ACTIVITY:
Find the lines of the material below that include the string "model", then copy each one.

MATERIALS PROVIDED:
· · · ·

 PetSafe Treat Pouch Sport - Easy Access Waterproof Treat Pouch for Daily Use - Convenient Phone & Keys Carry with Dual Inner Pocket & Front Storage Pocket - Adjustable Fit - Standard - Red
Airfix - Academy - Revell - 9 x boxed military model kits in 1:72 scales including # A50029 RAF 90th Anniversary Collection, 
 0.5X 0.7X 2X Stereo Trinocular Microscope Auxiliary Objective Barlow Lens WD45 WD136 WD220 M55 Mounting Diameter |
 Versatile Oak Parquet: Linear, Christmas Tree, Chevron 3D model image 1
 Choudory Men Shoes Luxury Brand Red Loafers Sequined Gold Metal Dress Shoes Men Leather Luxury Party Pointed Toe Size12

· · · ·

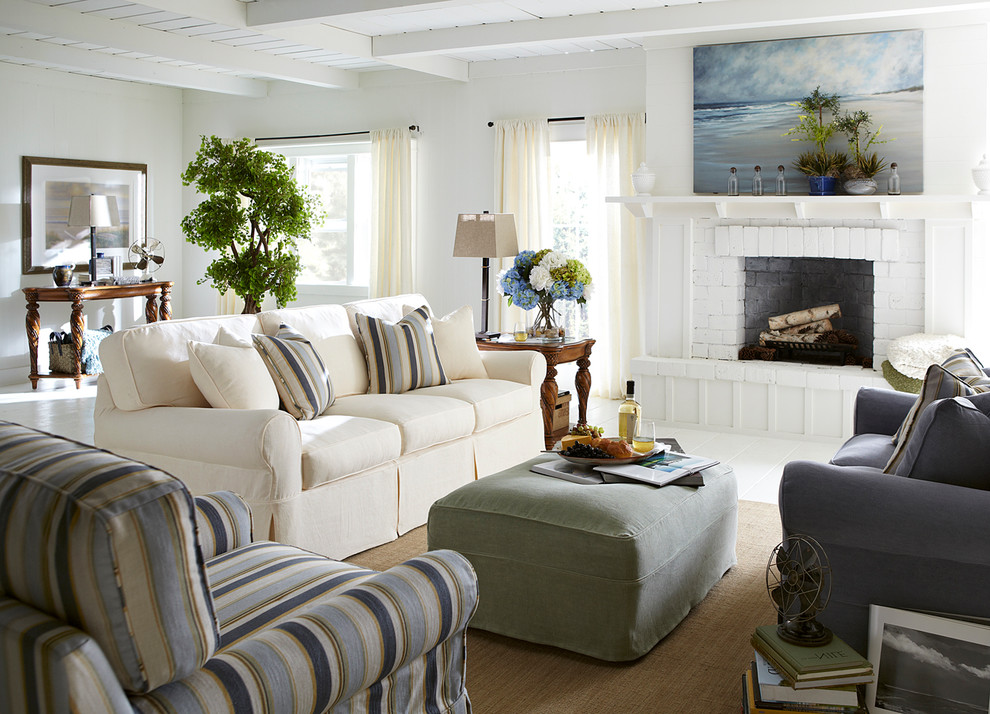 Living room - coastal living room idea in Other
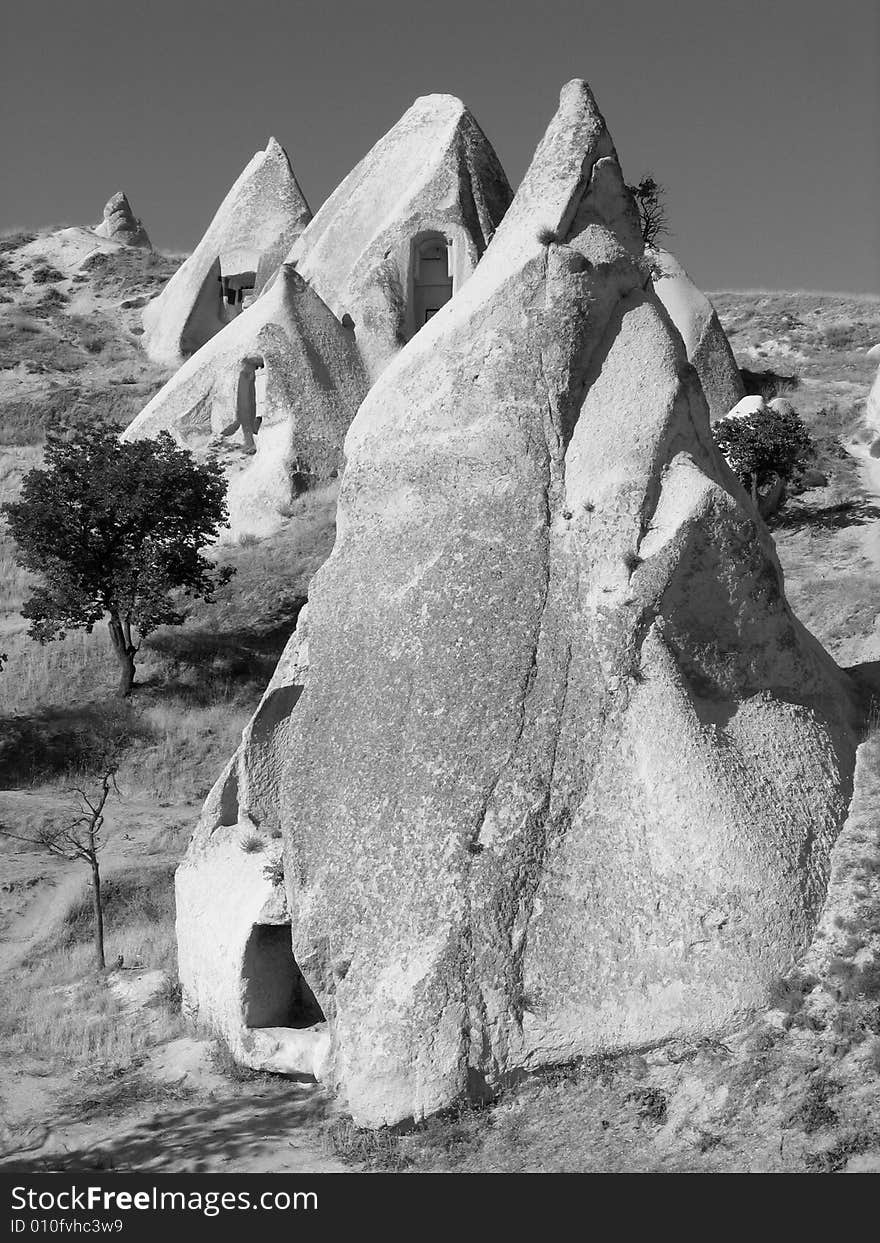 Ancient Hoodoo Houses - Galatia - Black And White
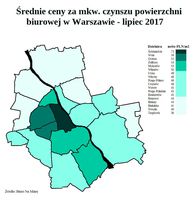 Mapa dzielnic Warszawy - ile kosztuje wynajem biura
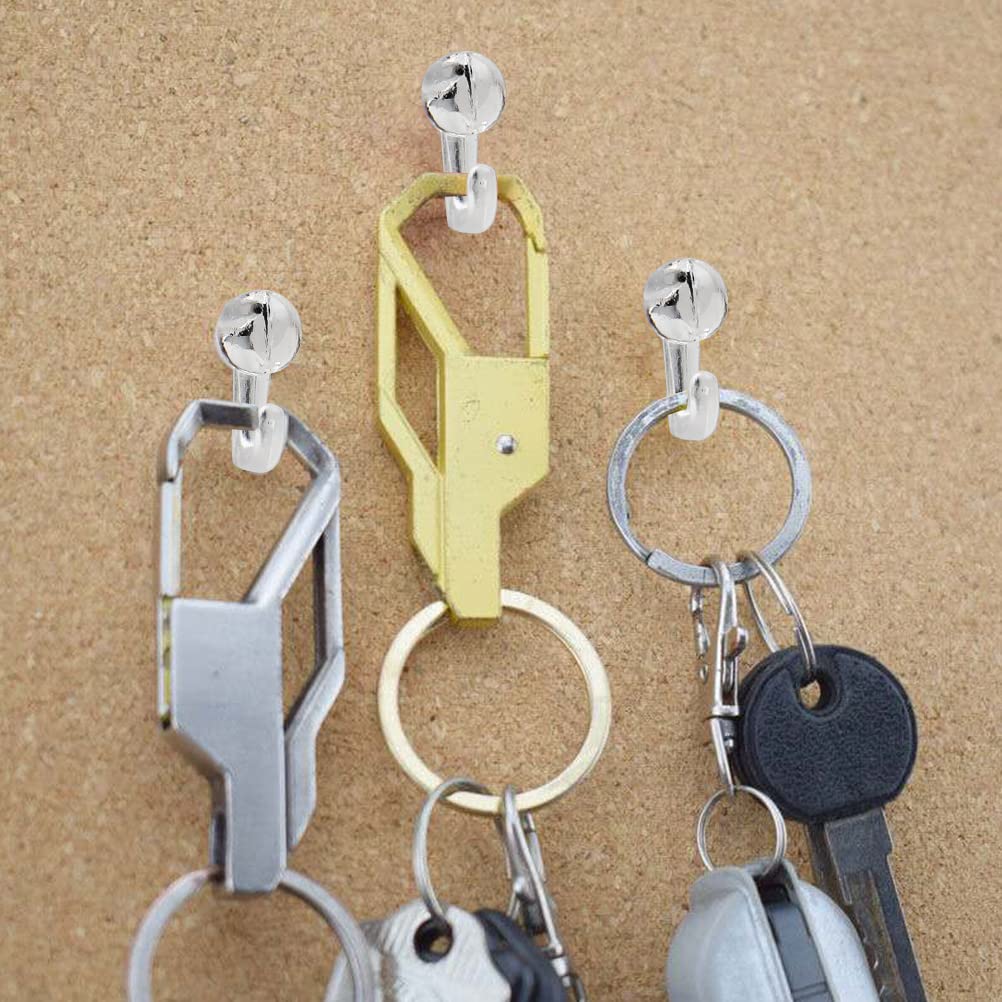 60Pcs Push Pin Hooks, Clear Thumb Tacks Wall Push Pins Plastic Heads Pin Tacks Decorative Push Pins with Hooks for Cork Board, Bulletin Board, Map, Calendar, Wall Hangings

· · · ·

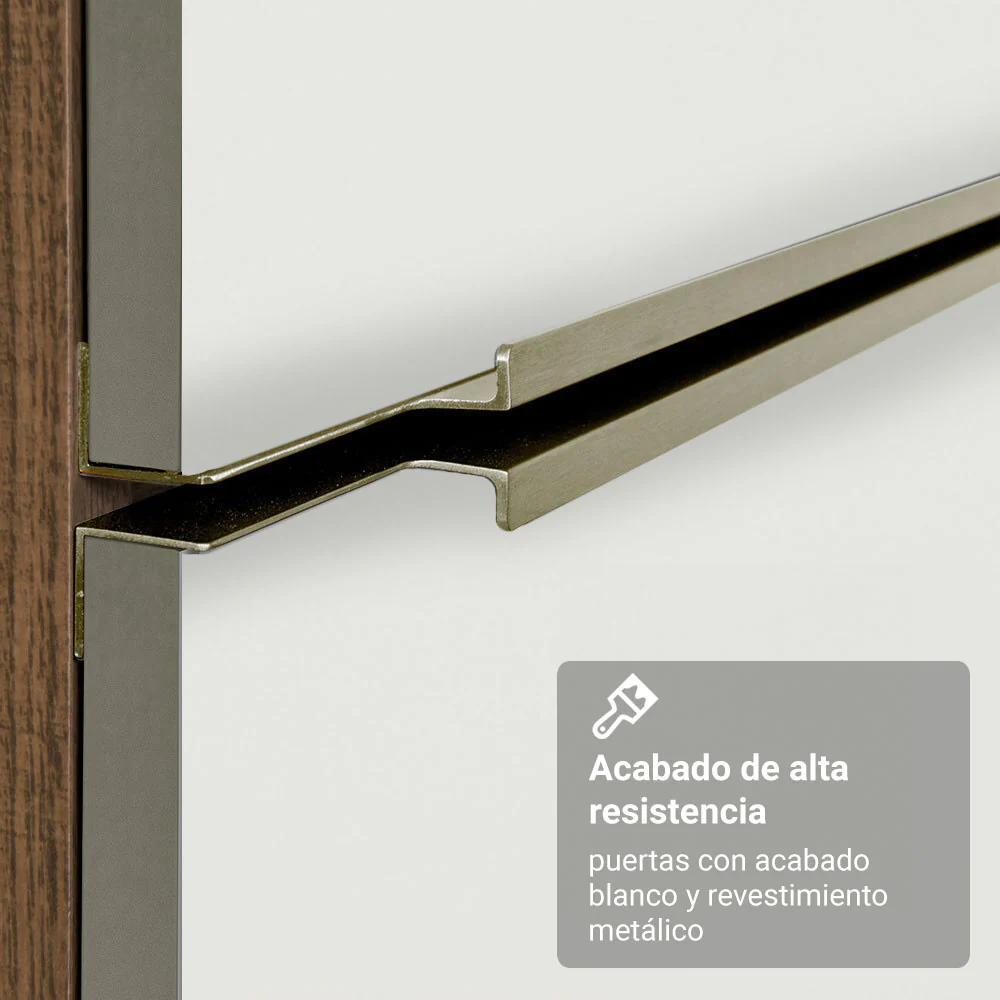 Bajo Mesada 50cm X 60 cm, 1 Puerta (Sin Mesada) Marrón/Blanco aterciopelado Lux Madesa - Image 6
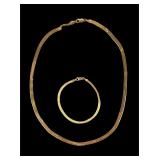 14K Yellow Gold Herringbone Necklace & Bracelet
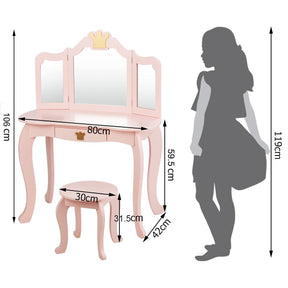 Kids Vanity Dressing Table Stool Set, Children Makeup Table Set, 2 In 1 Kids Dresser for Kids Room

· · · ·

RESPONSE:
Airfix - Academy - Revell - 9 x boxed military model kits in 1:72 scales including # A50029 RAF 90th Anniversary Collection, 
 Versatile Oak Parquet: Linear, Christmas Tree, Chevron 3D model image 1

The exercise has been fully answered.